(May 18, 2024 at 11:15 am)The Grand Nudger Wrote: There we go, it doesn't matter at all. It's not on the basis of your belief in christ that you think a christian life is a good one. You'd live the way you live even if there were no christ. I get that, I'd live the way I live even if there were.
You can extend that observation to alot of things. People would die for christ, even if there were no christ. You probably don't extend this inference to, say, islam. Why do you think they would "die for a lie"?
At any rate, the stories of roman persecution are largely fabrication written by later chistians to justify a pogrom that they were engaged in. In mere reality, rome was a truly multicultural society - and christianity was invited into the fold even as it damned and denigrated the people and culture it sought to replace. Think about that for a minute. It wasn't until christians inserted themselves into the squabbles of the roman nobility and who should be king that they managed to get themselves afoul of the competing families. It all ended well though, as above, when they captured the state through said families they executed any dissenters.
Odin hung himself on the world tree pierced with a spear in order to gain the secrets of magic - and all of the norse gods die in the end fighting side by side with us. Sedanta got whacked protecting one damned cow. Prometheus got the business for helping out out with fire. Quetzalcoatl threw himself into the sun for us - that's what all the human sacrifice was about, trying to match his sacrifice and keep the world from ending. Our gods and heroes tend to be helpers. IDK if a lincoln cult would work...but it would have much better evidence than the jesus cult...and people do believe alot of strange things so why not. Christianity was a small handful of lonely and imaginative people once, too.
Ultimately, though, none of this matters to the historical jesus, who performed no miracles and did die. The god in the flesh who rose from the dead isn't history - it's religion.
The point I was making is that Jesus' crucifixion should've been the end of his ministry. Even the disciples themselves were discouraged by it. They returned to their day jobs because from every angle it appeared as though their messiah was a fraud. That's how most people of that time would've interpreted Jesus' death. Gods don't bleed, how could someone who claimed to be the son of God be overcome by his enemies? If Jesus really was crucified then not only would the disciples have given up on him, so would everyone else. He would've gone down in history as a false messiah.
The reason why Muslims sacrifice their own lives for Allah is because their beliefs are sincere.
The fact that most of the early apostles proved that they were willing to die for their faith does add something to the veracity of their claims. Will people die for something that they know to be a lie? Some of these apostles claimed to have traveled with Christ and watched him as he performed miracles.

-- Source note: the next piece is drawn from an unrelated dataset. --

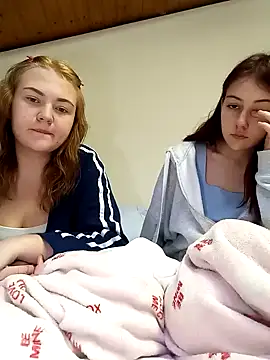 ella grays online show from 02/08/25, 03:42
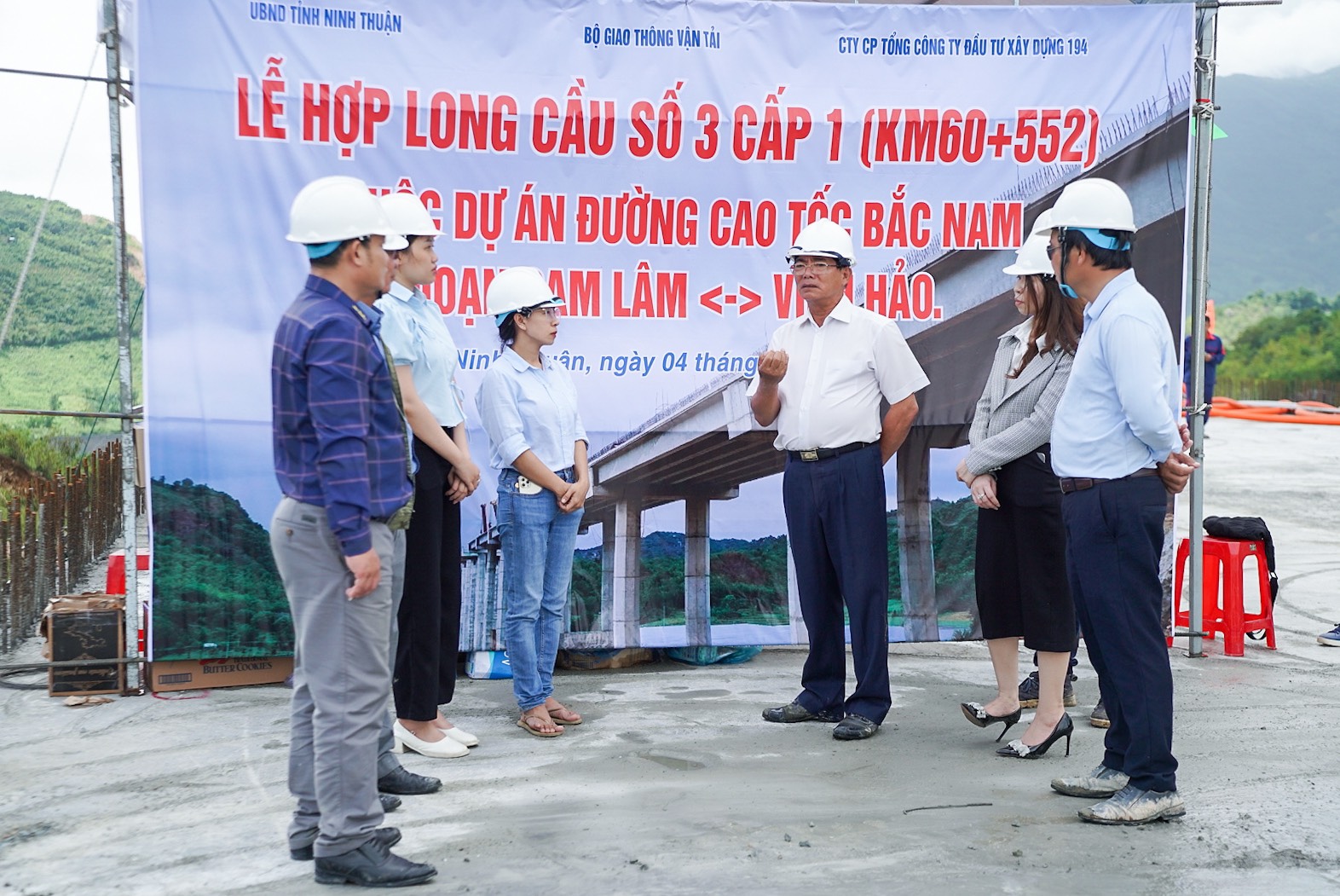 Hợp long cầu cao hơn 47m, nối th&ocirc;ng to&agrave;n dự &aacute;n cao tốc Cam L&acirc;m - Vĩnh Hảo - Ảnh 4.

And for some reason all of these witnesses, when isolated, when facing certain death; were still willing to testify to the end that Jesus is the Truth. Even if denying him meant saving their own skin. How many other religions can say that about their earliest proponents?
Of course you are always free to say, "but that doesn't mean that its true." With regards to ancient history you will always have that luxury. All I'm pointing out is that there is plenty of good evidence to support the message of the Gospel.
You claim that Jesus did not rise again, what do you base that on?